AIM OF THE TASK » Your answer should be every line with the word "Volkswagen", copied from the data below.

Scraped caption text data:
*** Block opens ***

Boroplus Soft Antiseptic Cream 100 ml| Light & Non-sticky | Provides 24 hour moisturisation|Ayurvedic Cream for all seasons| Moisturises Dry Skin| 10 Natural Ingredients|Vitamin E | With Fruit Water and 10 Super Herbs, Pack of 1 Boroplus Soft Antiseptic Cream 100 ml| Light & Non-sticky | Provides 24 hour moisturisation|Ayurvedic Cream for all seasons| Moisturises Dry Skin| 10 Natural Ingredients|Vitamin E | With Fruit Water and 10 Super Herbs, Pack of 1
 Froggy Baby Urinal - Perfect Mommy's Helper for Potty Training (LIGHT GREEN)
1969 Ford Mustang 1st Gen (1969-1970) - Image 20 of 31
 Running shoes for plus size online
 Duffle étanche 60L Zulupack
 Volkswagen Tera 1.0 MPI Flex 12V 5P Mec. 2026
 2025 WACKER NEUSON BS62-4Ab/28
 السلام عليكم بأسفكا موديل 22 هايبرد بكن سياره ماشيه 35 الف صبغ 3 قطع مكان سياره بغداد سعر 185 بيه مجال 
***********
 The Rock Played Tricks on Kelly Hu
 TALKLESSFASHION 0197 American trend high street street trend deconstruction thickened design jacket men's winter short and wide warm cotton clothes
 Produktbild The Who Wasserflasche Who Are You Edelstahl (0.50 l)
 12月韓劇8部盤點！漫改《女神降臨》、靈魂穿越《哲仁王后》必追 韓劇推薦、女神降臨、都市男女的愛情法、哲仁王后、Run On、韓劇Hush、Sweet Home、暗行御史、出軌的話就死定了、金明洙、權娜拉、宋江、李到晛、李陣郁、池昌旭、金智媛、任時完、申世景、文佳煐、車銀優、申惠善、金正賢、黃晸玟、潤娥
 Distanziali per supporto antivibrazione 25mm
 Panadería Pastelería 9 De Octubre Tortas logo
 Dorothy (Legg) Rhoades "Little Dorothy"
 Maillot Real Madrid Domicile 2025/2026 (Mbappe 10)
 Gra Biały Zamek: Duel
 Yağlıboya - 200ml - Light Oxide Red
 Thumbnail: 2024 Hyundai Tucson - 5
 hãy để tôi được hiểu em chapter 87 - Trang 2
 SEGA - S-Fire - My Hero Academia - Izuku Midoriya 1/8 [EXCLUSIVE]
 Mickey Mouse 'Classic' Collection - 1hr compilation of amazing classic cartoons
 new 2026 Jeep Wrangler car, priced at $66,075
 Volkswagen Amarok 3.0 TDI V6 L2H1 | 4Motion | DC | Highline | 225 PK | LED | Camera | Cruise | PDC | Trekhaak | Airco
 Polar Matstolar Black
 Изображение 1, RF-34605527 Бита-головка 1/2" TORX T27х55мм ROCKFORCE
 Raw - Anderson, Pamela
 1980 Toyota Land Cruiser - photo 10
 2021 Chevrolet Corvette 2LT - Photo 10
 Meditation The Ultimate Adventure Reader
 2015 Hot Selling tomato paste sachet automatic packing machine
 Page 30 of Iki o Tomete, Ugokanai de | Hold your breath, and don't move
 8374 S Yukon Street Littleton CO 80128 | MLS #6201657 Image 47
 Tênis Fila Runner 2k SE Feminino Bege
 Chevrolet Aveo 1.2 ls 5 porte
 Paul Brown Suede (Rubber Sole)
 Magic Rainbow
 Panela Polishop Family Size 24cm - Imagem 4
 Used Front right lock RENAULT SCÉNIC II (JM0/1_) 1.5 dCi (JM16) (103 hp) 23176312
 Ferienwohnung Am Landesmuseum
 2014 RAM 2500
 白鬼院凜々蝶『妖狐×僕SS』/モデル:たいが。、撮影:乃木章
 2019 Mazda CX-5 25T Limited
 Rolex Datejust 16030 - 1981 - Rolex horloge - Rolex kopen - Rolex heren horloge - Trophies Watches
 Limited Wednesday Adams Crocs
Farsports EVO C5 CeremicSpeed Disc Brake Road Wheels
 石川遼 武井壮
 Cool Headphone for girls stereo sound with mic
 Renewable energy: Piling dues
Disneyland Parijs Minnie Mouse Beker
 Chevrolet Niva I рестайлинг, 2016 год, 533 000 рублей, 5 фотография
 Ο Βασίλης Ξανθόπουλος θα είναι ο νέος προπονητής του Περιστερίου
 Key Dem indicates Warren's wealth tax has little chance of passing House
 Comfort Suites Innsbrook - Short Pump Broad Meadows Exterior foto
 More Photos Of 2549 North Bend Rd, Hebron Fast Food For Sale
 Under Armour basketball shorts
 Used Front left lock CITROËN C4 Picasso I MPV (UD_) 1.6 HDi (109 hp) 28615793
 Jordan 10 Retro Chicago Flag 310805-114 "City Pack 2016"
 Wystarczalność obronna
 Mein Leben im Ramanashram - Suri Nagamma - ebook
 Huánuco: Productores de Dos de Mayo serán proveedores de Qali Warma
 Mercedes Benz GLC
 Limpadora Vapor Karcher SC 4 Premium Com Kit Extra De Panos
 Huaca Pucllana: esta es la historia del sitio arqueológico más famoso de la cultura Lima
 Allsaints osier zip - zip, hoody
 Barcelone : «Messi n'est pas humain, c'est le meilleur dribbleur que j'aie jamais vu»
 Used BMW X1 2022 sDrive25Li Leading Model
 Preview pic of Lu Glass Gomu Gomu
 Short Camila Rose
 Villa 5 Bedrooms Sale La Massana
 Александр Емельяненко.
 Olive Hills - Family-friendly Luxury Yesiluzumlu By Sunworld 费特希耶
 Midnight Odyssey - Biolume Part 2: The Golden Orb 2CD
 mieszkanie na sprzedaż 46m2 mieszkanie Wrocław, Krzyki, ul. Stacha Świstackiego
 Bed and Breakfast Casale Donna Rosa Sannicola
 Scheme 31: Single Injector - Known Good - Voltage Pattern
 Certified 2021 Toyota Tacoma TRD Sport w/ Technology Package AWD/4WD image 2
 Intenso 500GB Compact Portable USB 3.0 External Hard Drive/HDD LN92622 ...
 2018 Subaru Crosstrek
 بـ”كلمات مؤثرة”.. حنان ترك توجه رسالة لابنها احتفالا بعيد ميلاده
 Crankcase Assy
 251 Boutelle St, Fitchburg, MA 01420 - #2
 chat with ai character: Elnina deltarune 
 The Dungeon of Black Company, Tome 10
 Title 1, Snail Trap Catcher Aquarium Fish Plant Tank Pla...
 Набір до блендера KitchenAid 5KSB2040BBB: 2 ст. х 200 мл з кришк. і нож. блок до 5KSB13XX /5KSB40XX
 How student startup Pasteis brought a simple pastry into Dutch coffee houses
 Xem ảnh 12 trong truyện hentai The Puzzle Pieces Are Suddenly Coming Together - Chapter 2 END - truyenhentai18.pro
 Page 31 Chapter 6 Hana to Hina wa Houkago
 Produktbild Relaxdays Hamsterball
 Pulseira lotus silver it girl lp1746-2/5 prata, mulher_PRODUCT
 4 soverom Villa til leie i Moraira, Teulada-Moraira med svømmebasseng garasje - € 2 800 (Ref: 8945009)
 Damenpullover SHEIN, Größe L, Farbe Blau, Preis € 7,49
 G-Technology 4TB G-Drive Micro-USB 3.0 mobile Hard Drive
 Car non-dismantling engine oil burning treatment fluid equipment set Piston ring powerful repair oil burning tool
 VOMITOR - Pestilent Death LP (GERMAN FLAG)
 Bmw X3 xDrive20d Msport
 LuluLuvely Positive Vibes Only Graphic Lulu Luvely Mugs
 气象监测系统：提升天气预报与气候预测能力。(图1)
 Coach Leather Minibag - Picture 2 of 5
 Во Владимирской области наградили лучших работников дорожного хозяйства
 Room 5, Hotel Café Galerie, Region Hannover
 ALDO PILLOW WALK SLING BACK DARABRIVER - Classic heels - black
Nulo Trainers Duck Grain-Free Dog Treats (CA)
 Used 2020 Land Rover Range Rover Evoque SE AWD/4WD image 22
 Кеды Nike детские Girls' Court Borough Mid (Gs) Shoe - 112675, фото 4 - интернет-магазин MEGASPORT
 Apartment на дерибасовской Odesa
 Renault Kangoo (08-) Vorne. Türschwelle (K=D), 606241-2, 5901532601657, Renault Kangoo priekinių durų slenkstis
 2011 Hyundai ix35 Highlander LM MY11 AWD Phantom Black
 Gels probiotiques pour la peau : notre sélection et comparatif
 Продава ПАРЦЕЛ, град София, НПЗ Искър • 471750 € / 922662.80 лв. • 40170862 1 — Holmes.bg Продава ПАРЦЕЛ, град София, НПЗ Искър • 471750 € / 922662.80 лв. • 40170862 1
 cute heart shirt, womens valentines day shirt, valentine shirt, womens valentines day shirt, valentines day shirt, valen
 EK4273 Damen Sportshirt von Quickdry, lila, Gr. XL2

*** Block closes ***

ANSWER FOR THE TASK »
 Volkswagen Tera 1.0 MPI Flex 12V 5P Mec. 2026
 Volkswagen Amarok 3.0 TDI V6 L2H1 | 4Motion | DC | Highline | 225 PK | LED | Camera | Cruise | PDC | Trekhaak | Airco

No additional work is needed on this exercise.